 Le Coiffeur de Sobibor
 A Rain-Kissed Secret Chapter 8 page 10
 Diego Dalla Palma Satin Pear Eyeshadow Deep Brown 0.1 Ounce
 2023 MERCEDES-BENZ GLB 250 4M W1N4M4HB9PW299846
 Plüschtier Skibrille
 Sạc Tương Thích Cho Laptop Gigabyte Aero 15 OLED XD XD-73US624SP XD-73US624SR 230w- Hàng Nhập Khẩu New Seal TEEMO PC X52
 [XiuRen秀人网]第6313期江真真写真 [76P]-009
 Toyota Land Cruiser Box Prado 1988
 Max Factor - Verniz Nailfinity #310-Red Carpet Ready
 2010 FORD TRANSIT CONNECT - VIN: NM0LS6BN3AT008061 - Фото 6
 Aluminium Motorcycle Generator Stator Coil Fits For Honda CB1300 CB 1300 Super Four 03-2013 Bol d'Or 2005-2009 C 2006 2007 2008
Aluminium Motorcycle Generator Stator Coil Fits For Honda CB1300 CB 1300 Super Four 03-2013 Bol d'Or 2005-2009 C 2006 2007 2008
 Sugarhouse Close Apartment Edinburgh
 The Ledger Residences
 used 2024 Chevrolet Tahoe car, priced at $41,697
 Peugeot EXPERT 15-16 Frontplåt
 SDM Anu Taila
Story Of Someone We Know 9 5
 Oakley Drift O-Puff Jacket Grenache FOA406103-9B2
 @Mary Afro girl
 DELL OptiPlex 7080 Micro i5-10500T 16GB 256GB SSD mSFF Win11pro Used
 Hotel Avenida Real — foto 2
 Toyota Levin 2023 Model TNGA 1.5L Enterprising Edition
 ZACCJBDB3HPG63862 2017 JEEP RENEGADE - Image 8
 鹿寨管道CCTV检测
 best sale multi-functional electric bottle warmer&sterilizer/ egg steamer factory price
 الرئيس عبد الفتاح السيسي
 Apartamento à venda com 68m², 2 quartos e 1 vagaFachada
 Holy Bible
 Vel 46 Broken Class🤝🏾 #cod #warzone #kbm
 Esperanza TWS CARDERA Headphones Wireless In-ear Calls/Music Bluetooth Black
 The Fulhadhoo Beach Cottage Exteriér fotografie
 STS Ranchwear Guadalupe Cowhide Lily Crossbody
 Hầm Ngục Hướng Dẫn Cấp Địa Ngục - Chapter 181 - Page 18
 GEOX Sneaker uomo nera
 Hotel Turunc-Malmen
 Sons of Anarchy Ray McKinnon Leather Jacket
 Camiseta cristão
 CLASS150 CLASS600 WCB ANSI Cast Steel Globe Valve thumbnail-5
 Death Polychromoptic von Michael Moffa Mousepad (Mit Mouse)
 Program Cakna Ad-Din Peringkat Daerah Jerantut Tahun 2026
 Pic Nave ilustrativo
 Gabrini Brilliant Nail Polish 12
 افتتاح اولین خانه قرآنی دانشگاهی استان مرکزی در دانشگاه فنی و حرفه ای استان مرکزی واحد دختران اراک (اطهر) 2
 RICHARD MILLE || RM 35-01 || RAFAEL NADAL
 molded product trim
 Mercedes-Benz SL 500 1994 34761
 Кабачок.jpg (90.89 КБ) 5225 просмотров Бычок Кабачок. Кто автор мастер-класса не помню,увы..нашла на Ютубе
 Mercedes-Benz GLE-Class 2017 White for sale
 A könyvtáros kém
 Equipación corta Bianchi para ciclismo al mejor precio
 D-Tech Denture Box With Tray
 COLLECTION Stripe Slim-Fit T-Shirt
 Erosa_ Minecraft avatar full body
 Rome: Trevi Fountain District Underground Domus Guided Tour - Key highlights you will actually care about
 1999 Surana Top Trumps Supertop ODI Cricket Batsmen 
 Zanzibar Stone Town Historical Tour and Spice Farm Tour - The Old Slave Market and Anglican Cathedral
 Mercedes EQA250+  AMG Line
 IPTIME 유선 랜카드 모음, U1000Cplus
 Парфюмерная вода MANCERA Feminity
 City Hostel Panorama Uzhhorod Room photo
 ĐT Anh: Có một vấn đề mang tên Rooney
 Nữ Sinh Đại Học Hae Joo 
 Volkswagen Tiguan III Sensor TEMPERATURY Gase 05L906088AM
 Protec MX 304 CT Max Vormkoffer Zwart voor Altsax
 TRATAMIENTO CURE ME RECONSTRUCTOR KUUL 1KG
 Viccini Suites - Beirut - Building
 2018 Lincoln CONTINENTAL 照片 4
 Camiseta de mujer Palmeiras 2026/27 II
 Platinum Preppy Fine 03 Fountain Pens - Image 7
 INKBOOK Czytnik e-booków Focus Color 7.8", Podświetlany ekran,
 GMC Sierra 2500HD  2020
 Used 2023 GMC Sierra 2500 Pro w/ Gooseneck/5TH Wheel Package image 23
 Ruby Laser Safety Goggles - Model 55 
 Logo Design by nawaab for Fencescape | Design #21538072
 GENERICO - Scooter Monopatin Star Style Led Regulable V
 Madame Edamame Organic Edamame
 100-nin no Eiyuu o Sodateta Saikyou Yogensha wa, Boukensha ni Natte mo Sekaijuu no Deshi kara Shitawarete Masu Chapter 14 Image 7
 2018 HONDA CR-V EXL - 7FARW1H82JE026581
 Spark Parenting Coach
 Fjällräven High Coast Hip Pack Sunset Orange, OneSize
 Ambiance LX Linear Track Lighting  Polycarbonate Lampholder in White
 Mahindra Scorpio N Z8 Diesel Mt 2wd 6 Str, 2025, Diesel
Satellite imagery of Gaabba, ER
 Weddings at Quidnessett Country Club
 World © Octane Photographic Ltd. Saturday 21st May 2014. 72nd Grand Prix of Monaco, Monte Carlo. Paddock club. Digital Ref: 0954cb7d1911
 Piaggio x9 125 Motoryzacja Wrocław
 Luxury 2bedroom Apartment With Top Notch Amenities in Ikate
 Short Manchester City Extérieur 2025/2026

+===+

_What you are asked to do_:
Your reply should consist of the records, copied exactly.

_Output for this exercise_:
 Le Coiffeur de Sobibor
 A Rain-Kissed Secret Chapter 8 page 10
 Diego Dalla Palma Satin Pear Eyeshadow Deep Brown 0.1 Ounce
 2023 MERCEDES-BENZ GLB 250 4M W1N4M4HB9PW299846
 Plüschtier Skibrille
 Sạc Tương Thích Cho Laptop Gigabyte Aero 15 OLED XD XD-73US624SP XD-73US624SR 230w- Hàng Nhập Khẩu New Seal TEEMO PC X52
 [XiuRen秀人网]第6313期江真真写真 [76P]-009
 Toyota Land Cruiser Box Prado 1988
 Max Factor - Verniz Nailfinity #310-Red Carpet Ready
 2010 FORD TRANSIT CONNECT - VIN: NM0LS6BN3AT008061 - Фото 6
 Aluminium Motorcycle Generator Stator Coil Fits For Honda CB1300 CB 1300 Super Four 03-2013 Bol d'Or 2005-2009 C 2006 2007 2008
Aluminium Motorcycle Generator Stator Coil Fits For Honda CB1300 CB 1300 Super Four 03-2013 Bol d'Or 2005-2009 C 2006 2007 2008
 Sugarhouse Close Apartment Edinburgh
 The Ledger Residences
 used 2024 Chevrolet Tahoe car, priced at $41,697
 Peugeot EXPERT 15-16 Frontplåt
 SDM Anu Taila
Story Of Someone We Know 9 5
 Oakley Drift O-Puff Jacket Grenache FOA406103-9B2
 @Mary Afro girl
 DELL OptiPlex 7080 Micro i5-10500T 16GB 256GB SSD mSFF Win11pro Used
 Hotel Avenida Real — foto 2
 Toyota Levin 2023 Model TNGA 1.5L Enterprising Edition
 ZACCJBDB3HPG63862 2017 JEEP RENEGADE - Image 8
 鹿寨管道CCTV检测
 best sale multi-functional electric bottle warmer&sterilizer/ egg steamer factory price
 الرئيس عبد الفتاح السيسي
 Apartamento à venda com 68m², 2 quartos e 1 vagaFachada
 Holy Bible
 Vel 46 Broken Class🤝🏾 #cod #warzone #kbm
 Esperanza TWS CARDERA Headphones Wireless In-ear Calls/Music Bluetooth Black
 The Fulhadhoo Beach Cottage Exteriér fotografie
 STS Ranchwear Guadalupe Cowhide Lily Crossbody
 Hầm Ngục Hướng Dẫn Cấp Địa Ngục - Chapter 181 - Page 18
 GEOX Sneaker uomo nera
 Hotel Turunc-Malmen
 Sons of Anarchy Ray McKinnon Leather Jacket
 Camiseta cristão
 CLASS150 CLASS600 WCB ANSI Cast Steel Globe Valve thumbnail-5
 Death Polychromoptic von Michael Moffa Mousepad (Mit Mouse)
 Program Cakna Ad-Din Peringkat Daerah Jerantut Tahun 2026
 Pic Nave ilustrativo
 Gabrini Brilliant Nail Polish 12
 افتتاح اولین خانه قرآنی دانشگاهی استان مرکزی در دانشگاه فنی و حرفه ای استان مرکزی واحد دختران اراک (اطهر) 2
 RICHARD MILLE || RM 35-01 || RAFAEL NADAL
 molded product trim
 Mercedes-Benz SL 500 1994 34761
 Кабачок.jpg (90.89 КБ) 5225 просмотров Бычок Кабачок. Кто автор мастер-класса не помню,увы..нашла на Ютубе
 Mercedes-Benz GLE-Class 2017 White for sale
 A könyvtáros kém
 Equipación corta Bianchi para ciclismo al mejor precio
 D-Tech Denture Box With Tray
 COLLECTION Stripe Slim-Fit T-Shirt
 Erosa_ Minecraft avatar full body
 Rome: Trevi Fountain District Underground Domus Guided Tour - Key highlights you will actually care about
 1999 Surana Top Trumps Supertop ODI Cricket Batsmen 
 Zanzibar Stone Town Historical Tour and Spice Farm Tour - The Old Slave Market and Anglican Cathedral
 Mercedes EQA250+  AMG Line
 IPTIME 유선 랜카드 모음, U1000Cplus
 Парфюмерная вода MANCERA Feminity
 City Hostel Panorama Uzhhorod Room photo
 ĐT Anh: Có một vấn đề mang tên Rooney
 Nữ Sinh Đại Học Hae Joo 
 Volkswagen Tiguan III Sensor TEMPERATURY Gase 05L906088AM
 Protec MX 304 CT Max Vormkoffer Zwart voor Altsax
 TRATAMIENTO CURE ME RECONSTRUCTOR KUUL 1KG
 Viccini Suites - Beirut - Building
 2018 Lincoln CONTINENTAL 照片 4
 Camiseta de mujer Palmeiras 2026/27 II
 Platinum Preppy Fine 03 Fountain Pens - Image 7
 INKBOOK Czytnik e-booków Focus Color 7.8", Podświetlany ekran,
 GMC Sierra 2500HD  2020
 Used 2023 GMC Sierra 2500 Pro w/ Gooseneck/5TH Wheel Package image 23
 Ruby Laser Safety Goggles - Model 55 
 Logo Design by nawaab for Fencescape | Design #21538072
 GENERICO - Scooter Monopatin Star Style Led Regulable V
 Madame Edamame Organic Edamame
 100-nin no Eiyuu o Sodateta Saikyou Yogensha wa, Boukensha ni Natte mo Sekaijuu no Deshi kara Shitawarete Masu Chapter 14 Image 7
 2018 HONDA CR-V EXL - 7FARW1H82JE026581
 Spark Parenting Coach
 Fjällräven High Coast Hip Pack Sunset Orange, OneSize
 Ambiance LX Linear Track Lighting  Polycarbonate Lampholder in White
 Mahindra Scorpio N Z8 Diesel Mt 2wd 6 Str, 2025, Diesel
Satellite imagery of Gaabba, ER
 Weddings at Quidnessett Country Club
 World © Octane Photographic Ltd. Saturday 21st May 2014. 72nd Grand Prix of Monaco, Monte Carlo. Paddock club. Digital Ref: 0954cb7d1911
 Piaggio x9 125 Motoryzacja Wrocław
 Luxury 2bedroom Apartment With Top Notch Amenities in Ikate
 Short Manchester City Extérieur 2025/2026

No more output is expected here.